If you have excessive body fat, then you should seriously consider trying to lose weight. Even if you have already received a knee replacement, you want to make sure that it will last. The likelihood of avoiding problems will be better if you go on a decent diet and try to stay relatively active. Refrain from high impact activities You need to take it easier when you are older. Your joints and knees will be more vulnerable to injury. This is not just due to years of wear and tear degrading them. Older people are also more likely to suffer from osteoporosis and other health problems that lead to any injuries. Baby boomers need to find an appropriate balance as they get older.
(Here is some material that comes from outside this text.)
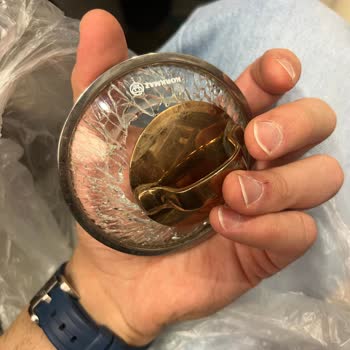 Korkmaz Çaydanlık Kapağı Sebepsiz Patladı, Parça Temin Edilemiyor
Staying relatively active is good to keep them from gaining weight and developing heart disease, diabetes and other health problems. However, they can also run into some serious problems if they overexert themselves. You need to make sure that you listen to your joints and speak with a health professional before engaging in high impact activities that will take their toll on your joints and knees. Get your knee replacement done early to avoid more extensive damage to your body If you are certain that you were going to need to get a knee replacement, then you don?t want to delay it more than you should. You might actually end up causing more damage in the process. One problem that you could run into is more lower back problems. When you have a bad knee, it might affect your balance and put more strain on your back. You might also cause inflammation in your upper legs, which will lead to other problems. If your doctor says that you need a new replacement, then you should not procrastinate. But before undergoing knee replacement, you should prepare by doing some pre knee replacement exercises, this could help strengthen your joints and contribute to a faster recovery. Wear the right footwear The shoes that you wear can have a significant impact on your health. You will be a lot more likely to cause any damage if you wear shoes with the wrong types of soles. It is a good idea to get fitted and find shoes with the right arch support.

Recognize that knee problems are a growing concern for baby boomers

Baby boomers are at a greater threat of developing knee problems than their parents were. They must make sure that they take all necessary precautions to minimize them.